TASK ITEM
Transcribe the stretch of entries below from the line with "beauty, petal, long" through the line with "Karen Millen Size", exactly and with both ends included; leave out all other lines.

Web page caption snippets
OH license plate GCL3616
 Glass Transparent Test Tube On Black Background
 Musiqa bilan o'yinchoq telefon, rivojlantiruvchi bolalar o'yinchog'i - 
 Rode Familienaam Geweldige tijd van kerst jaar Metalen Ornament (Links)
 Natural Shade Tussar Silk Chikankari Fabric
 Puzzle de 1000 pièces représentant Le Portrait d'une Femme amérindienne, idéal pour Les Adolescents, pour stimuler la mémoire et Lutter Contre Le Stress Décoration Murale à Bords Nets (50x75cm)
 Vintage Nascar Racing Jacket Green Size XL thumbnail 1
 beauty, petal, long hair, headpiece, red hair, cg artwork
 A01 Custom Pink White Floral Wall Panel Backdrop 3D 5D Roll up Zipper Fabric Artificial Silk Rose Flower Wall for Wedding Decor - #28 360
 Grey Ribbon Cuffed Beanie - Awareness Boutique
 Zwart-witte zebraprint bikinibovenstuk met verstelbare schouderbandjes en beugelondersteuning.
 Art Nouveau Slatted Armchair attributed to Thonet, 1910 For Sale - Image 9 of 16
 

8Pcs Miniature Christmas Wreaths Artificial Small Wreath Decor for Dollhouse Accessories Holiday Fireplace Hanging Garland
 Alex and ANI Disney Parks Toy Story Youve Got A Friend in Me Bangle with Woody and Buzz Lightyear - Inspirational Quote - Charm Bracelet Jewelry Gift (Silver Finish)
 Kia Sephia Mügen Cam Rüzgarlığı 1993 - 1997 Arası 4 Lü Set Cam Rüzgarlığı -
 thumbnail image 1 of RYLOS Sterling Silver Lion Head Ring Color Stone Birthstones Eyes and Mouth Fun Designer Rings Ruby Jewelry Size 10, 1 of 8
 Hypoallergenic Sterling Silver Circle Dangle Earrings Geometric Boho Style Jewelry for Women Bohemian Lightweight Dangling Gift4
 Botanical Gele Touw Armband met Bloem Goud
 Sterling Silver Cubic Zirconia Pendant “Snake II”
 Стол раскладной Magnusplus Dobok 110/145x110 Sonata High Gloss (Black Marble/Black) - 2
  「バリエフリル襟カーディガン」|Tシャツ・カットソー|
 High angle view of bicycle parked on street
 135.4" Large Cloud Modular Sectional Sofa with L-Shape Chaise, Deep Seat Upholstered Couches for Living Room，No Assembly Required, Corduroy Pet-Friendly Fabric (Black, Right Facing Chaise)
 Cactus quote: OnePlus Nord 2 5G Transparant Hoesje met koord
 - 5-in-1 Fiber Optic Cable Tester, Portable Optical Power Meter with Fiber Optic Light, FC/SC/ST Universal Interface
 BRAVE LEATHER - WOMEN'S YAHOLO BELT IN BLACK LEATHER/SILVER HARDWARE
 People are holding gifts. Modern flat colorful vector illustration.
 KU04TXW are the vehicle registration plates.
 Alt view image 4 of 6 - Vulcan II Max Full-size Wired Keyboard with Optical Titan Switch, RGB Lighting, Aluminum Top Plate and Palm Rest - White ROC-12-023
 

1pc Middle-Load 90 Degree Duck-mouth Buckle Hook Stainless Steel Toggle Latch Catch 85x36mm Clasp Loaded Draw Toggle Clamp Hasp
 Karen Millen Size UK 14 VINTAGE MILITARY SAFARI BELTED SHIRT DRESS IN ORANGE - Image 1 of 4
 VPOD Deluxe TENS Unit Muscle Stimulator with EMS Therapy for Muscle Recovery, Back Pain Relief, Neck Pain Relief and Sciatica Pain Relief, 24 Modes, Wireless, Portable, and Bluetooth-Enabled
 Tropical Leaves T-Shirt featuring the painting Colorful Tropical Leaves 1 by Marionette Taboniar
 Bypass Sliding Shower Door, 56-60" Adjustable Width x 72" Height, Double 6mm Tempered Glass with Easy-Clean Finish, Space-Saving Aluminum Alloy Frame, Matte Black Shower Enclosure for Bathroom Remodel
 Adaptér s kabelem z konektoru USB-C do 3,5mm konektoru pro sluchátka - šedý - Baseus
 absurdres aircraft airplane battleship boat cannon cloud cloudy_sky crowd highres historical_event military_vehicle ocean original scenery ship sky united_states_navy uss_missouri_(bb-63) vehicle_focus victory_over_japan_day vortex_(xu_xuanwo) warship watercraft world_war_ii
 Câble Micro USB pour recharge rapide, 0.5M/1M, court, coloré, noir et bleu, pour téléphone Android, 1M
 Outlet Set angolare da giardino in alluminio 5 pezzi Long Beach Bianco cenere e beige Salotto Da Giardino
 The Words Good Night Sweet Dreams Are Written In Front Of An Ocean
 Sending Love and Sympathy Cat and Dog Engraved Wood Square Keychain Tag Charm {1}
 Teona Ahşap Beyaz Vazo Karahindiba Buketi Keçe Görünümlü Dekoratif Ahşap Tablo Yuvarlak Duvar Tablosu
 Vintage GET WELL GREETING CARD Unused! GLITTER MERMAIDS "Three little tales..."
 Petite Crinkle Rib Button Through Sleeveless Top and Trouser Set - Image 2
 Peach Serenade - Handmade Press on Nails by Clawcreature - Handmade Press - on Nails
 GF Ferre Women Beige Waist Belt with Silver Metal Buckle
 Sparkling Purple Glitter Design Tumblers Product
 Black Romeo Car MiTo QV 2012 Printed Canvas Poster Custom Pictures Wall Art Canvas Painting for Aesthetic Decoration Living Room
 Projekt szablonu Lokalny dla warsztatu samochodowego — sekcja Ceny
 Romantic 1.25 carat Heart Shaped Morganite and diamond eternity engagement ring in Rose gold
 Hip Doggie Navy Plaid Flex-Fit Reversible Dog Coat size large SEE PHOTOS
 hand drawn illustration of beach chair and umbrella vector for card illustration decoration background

EXERCISE RESPONSE
 beauty, petal, long hair, headpiece, red hair, cg artwork
 A01 Custom Pink White Floral Wall Panel Backdrop 3D 5D Roll up Zipper Fabric Artificial Silk Rose Flower Wall for Wedding Decor - #28 360
 Grey Ribbon Cuffed Beanie - Awareness Boutique
 Zwart-witte zebraprint bikinibovenstuk met verstelbare schouderbandjes en beugelondersteuning.
 Art Nouveau Slatted Armchair attributed to Thonet, 1910 For Sale - Image 9 of 16
 

8Pcs Miniature Christmas Wreaths Artificial Small Wreath Decor for Dollhouse Accessories Holiday Fireplace Hanging Garland
 Alex and ANI Disney Parks Toy Story Youve Got A Friend in Me Bangle with Woody and Buzz Lightyear - Inspirational Quote - Charm Bracelet Jewelry Gift (Silver Finish)
 Kia Sephia Mügen Cam Rüzgarlığı 1993 - 1997 Arası 4 Lü Set Cam Rüzgarlığı -
 thumbnail image 1 of RYLOS Sterling Silver Lion Head Ring Color Stone Birthstones Eyes and Mouth Fun Designer Rings Ruby Jewelry Size 10, 1 of 8
 Hypoallergenic Sterling Silver Circle Dangle Earrings Geometric Boho Style Jewelry for Women Bohemian Lightweight Dangling Gift4
 Botanical Gele Touw Armband met Bloem Goud
 Sterling Silver Cubic Zirconia Pendant “Snake II”
 Стол раскладной Magnusplus Dobok 110/145x110 Sonata High Gloss (Black Marble/Black) - 2
  「バリエフリル襟カーディガン」|Tシャツ・カットソー|
 High angle view of bicycle parked on street
 135.4" Large Cloud Modular Sectional Sofa with L-Shape Chaise, Deep Seat Upholstered Couches for Living Room，No Assembly Required, Corduroy Pet-Friendly Fabric (Black, Right Facing Chaise)
 Cactus quote: OnePlus Nord 2 5G Transparant Hoesje met koord
 - 5-in-1 Fiber Optic Cable Tester, Portable Optical Power Meter with Fiber Optic Light, FC/SC/ST Universal Interface
 BRAVE LEATHER - WOMEN'S YAHOLO BELT IN BLACK LEATHER/SILVER HARDWARE
 People are holding gifts. Modern flat colorful vector illustration.
 KU04TXW are the vehicle registration plates.
 Alt view image 4 of 6 - Vulcan II Max Full-size Wired Keyboard with Optical Titan Switch, RGB Lighting, Aluminum Top Plate and Palm Rest - White ROC-12-023
 

1pc Middle-Load 90 Degree Duck-mouth Buckle Hook Stainless Steel Toggle Latch Catch 85x36mm Clasp Loaded Draw Toggle Clamp Hasp
 Karen Millen Size UK 14 VINTAGE MILITARY SAFARI BELTED SHIRT DRESS IN ORANGE - Image 1 of 4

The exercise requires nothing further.